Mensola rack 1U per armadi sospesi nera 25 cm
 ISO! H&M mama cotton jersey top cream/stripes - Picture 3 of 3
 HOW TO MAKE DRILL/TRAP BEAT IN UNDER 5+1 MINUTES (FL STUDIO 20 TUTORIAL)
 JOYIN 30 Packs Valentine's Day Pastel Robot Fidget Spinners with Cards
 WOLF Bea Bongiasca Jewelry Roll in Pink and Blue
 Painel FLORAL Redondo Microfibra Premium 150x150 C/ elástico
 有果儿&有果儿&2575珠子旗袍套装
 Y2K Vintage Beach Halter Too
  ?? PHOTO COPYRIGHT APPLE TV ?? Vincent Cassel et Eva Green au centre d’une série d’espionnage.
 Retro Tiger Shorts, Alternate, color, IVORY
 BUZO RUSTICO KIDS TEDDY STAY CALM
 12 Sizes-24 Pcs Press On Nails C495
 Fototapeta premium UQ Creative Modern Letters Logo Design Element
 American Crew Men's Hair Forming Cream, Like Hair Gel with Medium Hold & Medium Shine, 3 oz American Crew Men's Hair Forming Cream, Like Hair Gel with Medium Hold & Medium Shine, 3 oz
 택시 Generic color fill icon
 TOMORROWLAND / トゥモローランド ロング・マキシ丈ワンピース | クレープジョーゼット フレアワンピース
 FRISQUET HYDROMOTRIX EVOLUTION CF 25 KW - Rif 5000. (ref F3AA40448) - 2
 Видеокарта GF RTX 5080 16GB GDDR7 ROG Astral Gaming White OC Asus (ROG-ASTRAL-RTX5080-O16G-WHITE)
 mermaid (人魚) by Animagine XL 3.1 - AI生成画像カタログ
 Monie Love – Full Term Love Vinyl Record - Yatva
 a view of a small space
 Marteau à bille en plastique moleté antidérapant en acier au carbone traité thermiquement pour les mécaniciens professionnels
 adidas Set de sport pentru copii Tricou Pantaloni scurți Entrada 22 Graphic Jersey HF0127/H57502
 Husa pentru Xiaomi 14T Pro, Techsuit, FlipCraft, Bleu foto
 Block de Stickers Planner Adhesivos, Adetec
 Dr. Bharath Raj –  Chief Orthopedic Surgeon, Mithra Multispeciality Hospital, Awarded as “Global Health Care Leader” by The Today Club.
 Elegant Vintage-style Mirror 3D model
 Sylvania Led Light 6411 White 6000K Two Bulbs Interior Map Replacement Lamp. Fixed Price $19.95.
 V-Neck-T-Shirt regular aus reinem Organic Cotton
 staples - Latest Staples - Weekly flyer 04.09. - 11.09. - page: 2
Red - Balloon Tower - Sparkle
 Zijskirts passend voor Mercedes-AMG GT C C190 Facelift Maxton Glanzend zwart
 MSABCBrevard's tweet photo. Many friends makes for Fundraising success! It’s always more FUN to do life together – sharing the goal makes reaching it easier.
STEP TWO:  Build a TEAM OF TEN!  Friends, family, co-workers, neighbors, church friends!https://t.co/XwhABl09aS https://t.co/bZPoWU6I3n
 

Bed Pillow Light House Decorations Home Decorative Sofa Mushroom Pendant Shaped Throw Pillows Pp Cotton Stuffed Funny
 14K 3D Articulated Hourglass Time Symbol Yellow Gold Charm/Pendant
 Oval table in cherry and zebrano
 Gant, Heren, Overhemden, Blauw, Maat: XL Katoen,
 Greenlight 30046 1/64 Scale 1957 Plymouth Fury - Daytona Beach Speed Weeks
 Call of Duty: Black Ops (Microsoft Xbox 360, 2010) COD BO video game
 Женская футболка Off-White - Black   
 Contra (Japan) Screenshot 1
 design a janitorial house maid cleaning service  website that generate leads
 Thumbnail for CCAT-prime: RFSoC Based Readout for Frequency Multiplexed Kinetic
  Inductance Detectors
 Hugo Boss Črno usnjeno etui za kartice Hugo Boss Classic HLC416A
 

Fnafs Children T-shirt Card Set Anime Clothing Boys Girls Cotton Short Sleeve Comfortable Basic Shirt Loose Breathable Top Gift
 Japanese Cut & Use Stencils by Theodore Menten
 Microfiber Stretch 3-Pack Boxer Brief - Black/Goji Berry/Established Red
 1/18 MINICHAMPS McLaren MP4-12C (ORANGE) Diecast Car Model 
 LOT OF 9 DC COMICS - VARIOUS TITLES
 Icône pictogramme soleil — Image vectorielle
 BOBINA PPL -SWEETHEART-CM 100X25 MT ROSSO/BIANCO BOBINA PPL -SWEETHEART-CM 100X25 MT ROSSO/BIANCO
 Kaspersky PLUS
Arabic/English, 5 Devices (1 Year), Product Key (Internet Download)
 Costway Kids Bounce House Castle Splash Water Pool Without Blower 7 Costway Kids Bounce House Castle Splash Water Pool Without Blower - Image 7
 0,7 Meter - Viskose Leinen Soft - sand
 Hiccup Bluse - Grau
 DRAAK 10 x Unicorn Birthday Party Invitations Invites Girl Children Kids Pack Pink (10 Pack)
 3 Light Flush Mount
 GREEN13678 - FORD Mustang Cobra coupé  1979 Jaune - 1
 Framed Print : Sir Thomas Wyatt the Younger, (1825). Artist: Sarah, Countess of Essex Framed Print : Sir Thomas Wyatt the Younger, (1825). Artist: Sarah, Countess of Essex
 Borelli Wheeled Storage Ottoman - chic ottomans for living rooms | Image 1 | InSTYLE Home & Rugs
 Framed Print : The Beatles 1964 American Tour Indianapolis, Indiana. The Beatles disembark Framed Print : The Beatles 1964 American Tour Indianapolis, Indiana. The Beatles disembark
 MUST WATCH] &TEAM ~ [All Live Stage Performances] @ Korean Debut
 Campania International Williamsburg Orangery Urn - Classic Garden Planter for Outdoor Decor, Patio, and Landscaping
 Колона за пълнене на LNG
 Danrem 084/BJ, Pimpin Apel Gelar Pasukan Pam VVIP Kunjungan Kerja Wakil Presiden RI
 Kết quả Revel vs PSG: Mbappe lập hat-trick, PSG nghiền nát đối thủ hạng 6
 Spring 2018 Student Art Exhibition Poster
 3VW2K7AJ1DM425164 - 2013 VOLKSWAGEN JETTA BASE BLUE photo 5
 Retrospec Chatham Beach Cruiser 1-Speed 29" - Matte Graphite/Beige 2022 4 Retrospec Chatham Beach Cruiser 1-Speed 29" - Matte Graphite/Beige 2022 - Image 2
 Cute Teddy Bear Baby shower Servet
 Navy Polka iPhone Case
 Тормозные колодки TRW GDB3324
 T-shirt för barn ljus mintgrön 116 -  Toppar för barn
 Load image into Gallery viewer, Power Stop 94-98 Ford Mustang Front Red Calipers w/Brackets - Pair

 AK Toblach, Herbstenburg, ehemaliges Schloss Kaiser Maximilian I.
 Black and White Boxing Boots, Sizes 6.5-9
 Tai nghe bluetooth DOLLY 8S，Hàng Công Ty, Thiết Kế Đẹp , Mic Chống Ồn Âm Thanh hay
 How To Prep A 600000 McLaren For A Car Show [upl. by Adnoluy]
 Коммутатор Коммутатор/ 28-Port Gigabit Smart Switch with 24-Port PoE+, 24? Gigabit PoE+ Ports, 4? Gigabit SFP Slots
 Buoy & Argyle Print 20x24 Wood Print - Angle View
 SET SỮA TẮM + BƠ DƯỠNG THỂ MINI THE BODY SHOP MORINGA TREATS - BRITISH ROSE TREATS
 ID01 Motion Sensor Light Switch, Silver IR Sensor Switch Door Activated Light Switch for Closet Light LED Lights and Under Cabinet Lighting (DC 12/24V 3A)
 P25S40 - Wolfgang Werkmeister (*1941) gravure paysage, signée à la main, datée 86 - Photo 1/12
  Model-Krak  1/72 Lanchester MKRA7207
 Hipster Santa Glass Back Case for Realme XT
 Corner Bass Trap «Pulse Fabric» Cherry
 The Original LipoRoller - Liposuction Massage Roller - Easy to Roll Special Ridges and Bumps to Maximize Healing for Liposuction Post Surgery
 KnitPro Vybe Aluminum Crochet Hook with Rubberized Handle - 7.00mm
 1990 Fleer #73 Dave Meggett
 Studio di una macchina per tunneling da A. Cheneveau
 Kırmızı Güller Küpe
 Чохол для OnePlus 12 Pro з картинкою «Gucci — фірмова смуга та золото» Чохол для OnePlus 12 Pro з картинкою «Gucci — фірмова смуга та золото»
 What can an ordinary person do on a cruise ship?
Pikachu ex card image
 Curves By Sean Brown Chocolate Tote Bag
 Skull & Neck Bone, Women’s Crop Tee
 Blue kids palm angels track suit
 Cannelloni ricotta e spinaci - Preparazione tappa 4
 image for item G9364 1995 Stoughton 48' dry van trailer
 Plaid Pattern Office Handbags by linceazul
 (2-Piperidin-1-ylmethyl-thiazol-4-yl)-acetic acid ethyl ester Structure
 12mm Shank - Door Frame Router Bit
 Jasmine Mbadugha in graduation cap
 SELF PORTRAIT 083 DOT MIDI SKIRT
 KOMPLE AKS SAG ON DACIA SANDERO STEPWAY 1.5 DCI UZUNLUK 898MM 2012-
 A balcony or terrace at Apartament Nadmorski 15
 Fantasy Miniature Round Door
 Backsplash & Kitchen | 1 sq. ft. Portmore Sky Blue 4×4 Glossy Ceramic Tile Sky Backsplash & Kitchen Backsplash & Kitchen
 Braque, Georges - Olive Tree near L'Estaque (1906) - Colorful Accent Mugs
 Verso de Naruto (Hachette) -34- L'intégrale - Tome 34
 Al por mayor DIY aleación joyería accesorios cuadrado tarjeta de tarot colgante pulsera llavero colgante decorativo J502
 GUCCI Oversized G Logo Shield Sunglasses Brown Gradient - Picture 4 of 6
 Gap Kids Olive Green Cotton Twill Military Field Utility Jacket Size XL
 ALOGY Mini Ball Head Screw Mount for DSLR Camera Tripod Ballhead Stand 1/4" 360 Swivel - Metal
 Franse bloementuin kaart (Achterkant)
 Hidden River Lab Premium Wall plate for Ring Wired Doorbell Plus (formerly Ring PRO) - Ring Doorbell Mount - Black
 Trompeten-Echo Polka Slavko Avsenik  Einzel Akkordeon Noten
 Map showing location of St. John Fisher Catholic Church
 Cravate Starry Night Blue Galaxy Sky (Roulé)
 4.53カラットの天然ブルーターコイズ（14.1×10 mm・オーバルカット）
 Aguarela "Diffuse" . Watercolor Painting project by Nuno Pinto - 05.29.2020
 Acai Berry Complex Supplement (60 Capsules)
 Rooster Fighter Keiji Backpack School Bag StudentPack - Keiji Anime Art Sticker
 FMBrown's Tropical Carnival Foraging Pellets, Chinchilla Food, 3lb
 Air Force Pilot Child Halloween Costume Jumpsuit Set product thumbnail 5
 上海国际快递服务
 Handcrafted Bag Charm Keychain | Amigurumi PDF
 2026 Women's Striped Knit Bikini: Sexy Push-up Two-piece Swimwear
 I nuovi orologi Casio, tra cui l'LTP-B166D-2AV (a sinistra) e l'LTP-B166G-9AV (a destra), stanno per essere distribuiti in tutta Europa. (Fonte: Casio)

-=-=-=-=-

Take the entries above and return only the lines from the one with "Jasmine Mbadugha in graduation cap" to the one with "Fantasy Miniature Round Door", both included, unchanged.

§ **Answer to the problem**:
 Jasmine Mbadugha in graduation cap
 SELF PORTRAIT 083 DOT MIDI SKIRT
 KOMPLE AKS SAG ON DACIA SANDERO STEPWAY 1.5 DCI UZUNLUK 898MM 2012-
 A balcony or terrace at Apartament Nadmorski 15
 Fantasy Miniature Round Door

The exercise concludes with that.